The Financial Industry Regulatory Authority has proposed a rule to ban non-attorney representatives from arbitration and mediation. During its Board of Governors meeting on Dec. 12 and 13, the self-regulatory organization approved a filing with the Securities and Exchange Commission to amend the Codes of Arbitration and Mediation Procedure to prohibit non-attorney representatives from practicing in the FINRA arbitration forum.
FINRA currently allows non-attorney representatives, or NARs, to work with public investors filing securities arbitration claims and during mediation. The NARs are typically an alternative to hiring an attorney for disputes between investors and broker/dealers, FINRA says.

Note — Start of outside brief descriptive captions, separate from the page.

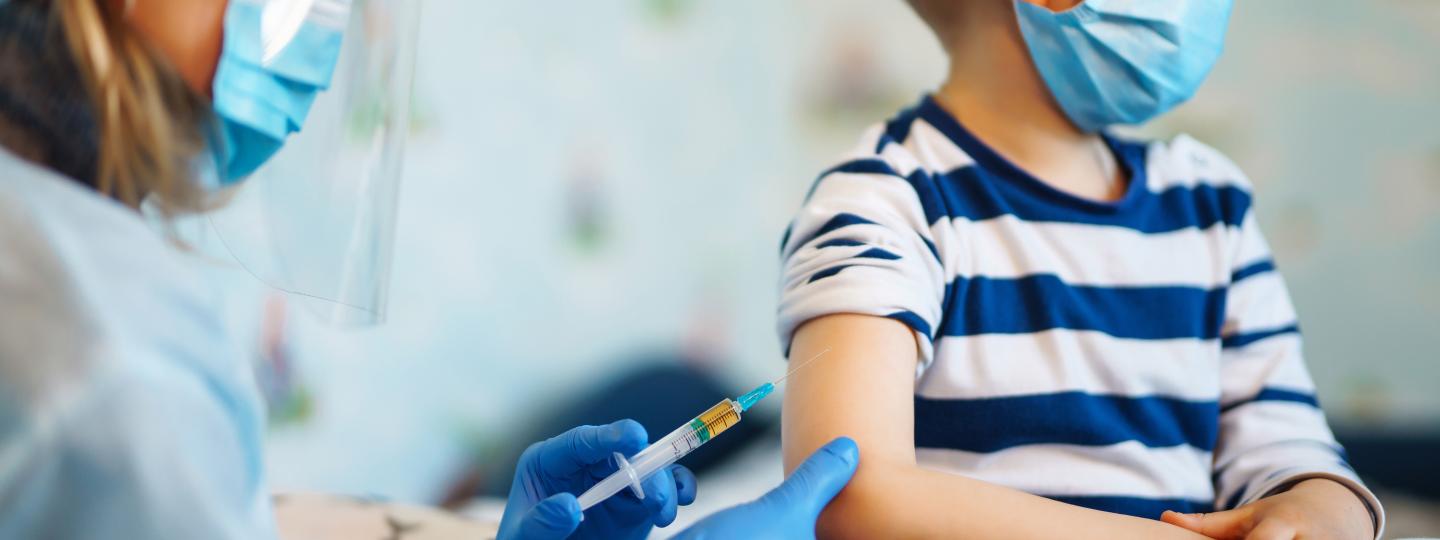 Boy with measles recieving vaccine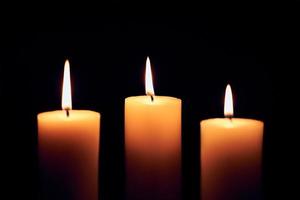 Flame candles with decorative lights on black table background photo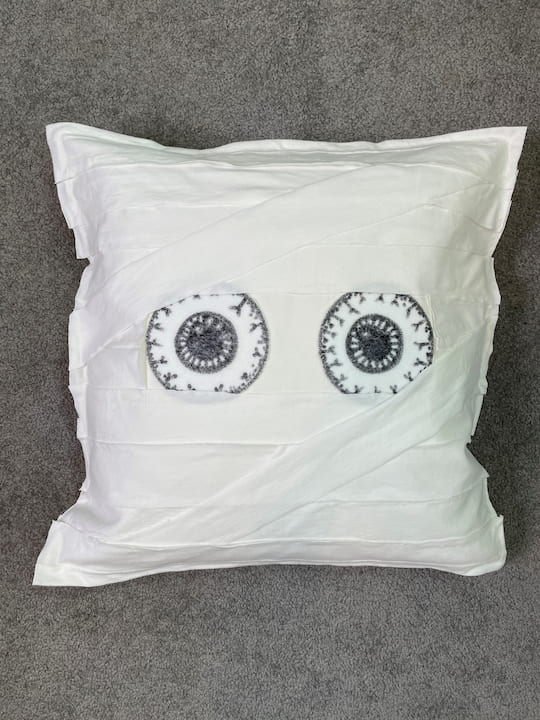 I created an inexpensive cute mummy on one side and a snowman on the other side of a pillow cover, and it packs away easily too!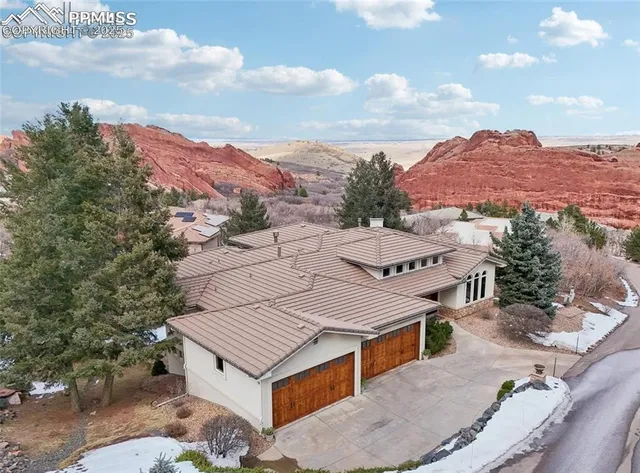 an aerial view of a house with a mountain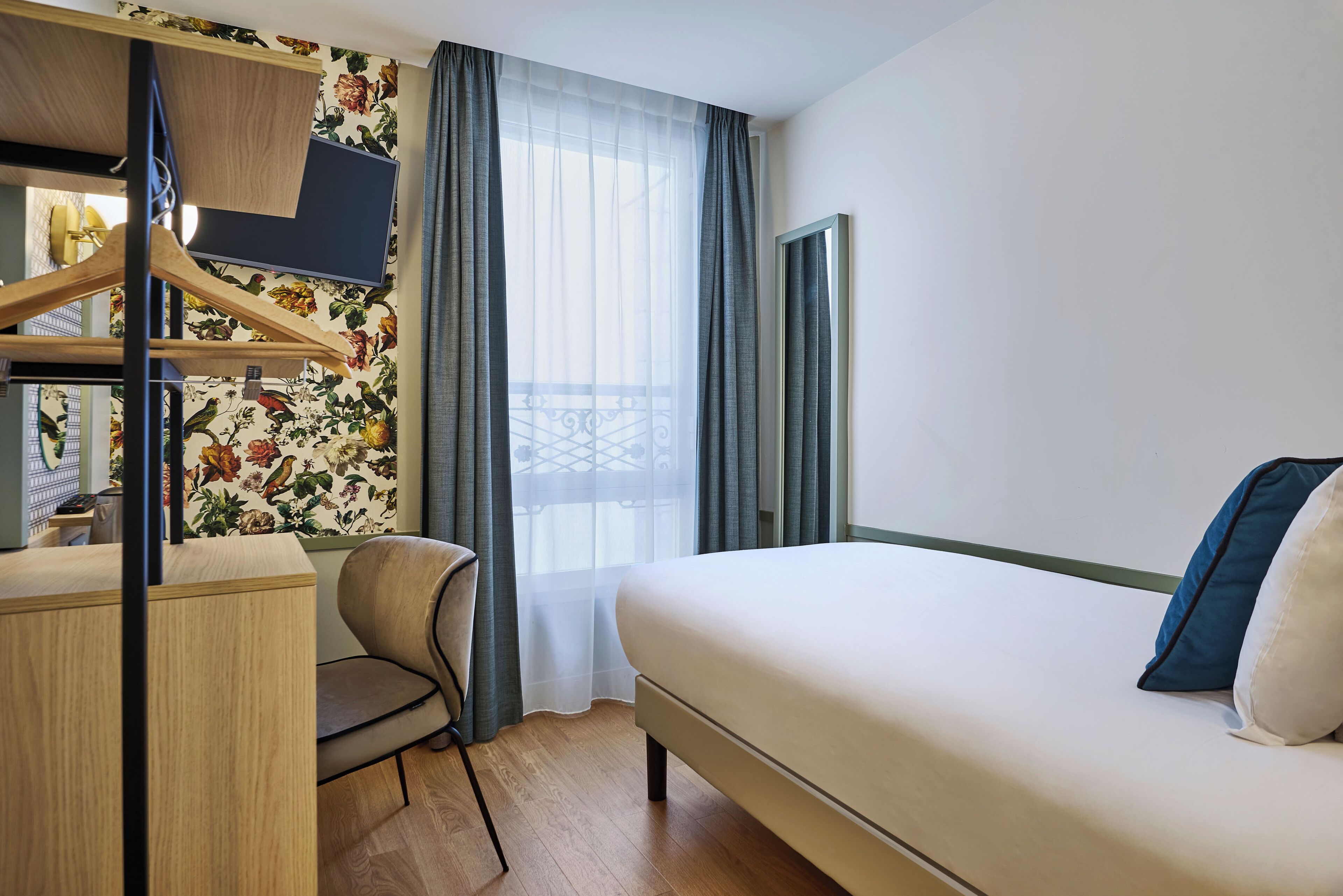 A hotel room with a bed, a desk, a chair, and a wardrobe.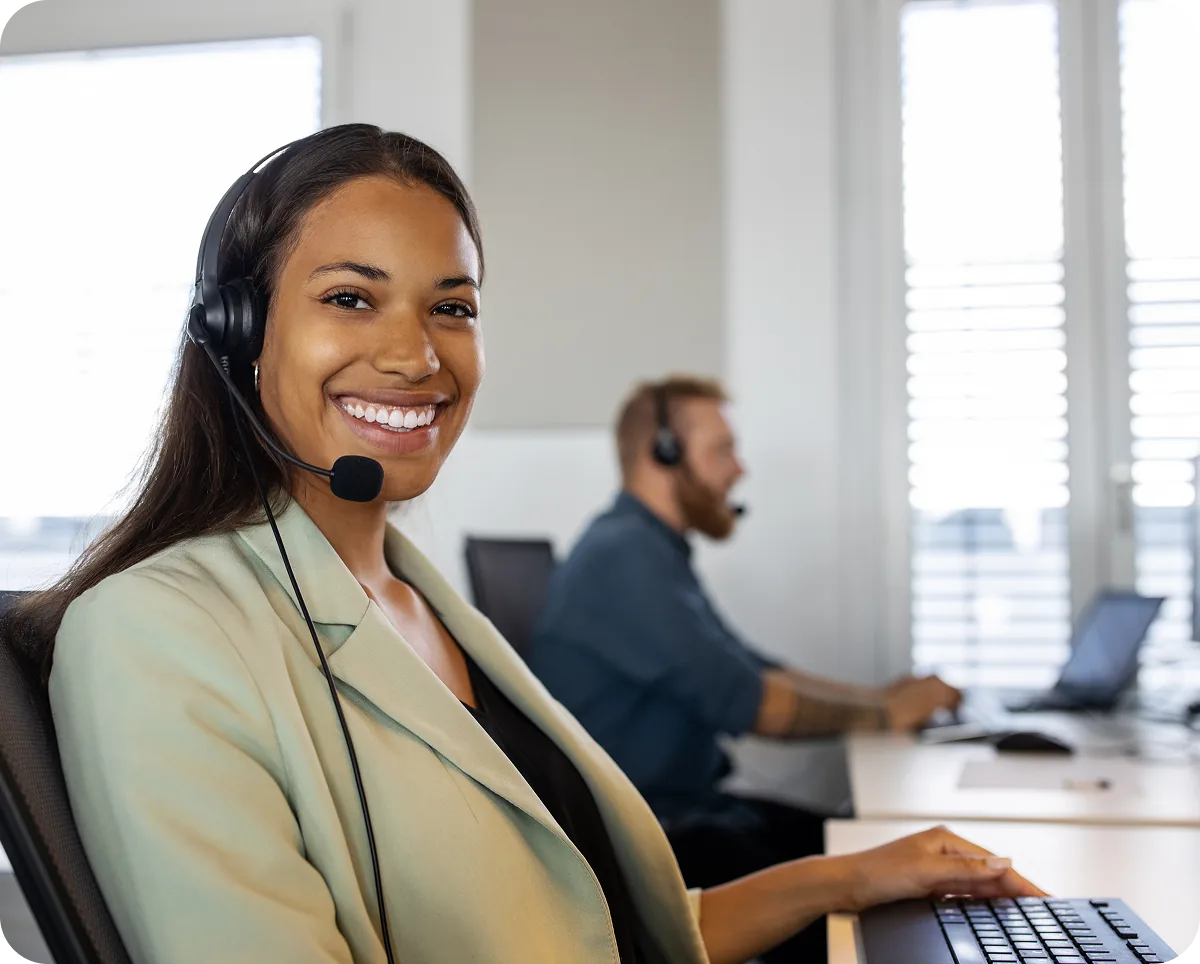 A smiling support agent wearing a headset at her desk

In Oct. 2017, FINRA issued a regulatory notice, reviewing its practice of letting non-attorneys represent investors in arbitration proceedings.
In response to the review, the Public Investors Arbitration Bar Association released a report pointing to a pattern of problems with NARs, many of which claim they’ve had their own run-ins with regulators, and in many cases lacked the ability to adequately represent investors in disputes.
“It’s a good development for investors as non-attorney representatives have caused a great deal of carnage and chaos to retail investors who have been burned by their brokers,” said Andrew Stoltmann, immediate past president of PIABA. “FINRA deserves credit for attempting to bar these outfits.”
FINRA’s own study of NARs showed there are a small number of such firms regularly representing investors. However, some of their practices raised eyebrows.
The notice of the comment period said NARs use arbitration to “employ inappropriate business practices.” They require non-refundable retainer agreements as high as $25,000 and pursue frivolous or stale claims to attempt to elicit settlements. Others are operating illegally by practicing in hearing locations where state law prohibits such representation. They get around that by taking only small claims decided on written submissions.
NARs were also observed posting photos of settlement checks to market their services, a breach of confidentiality provisions in settlement agreements.
In addition, they aren’t held to professional rules and guidelines like attorneys. NARs firms don’t have the same malpractice insurance requirements either.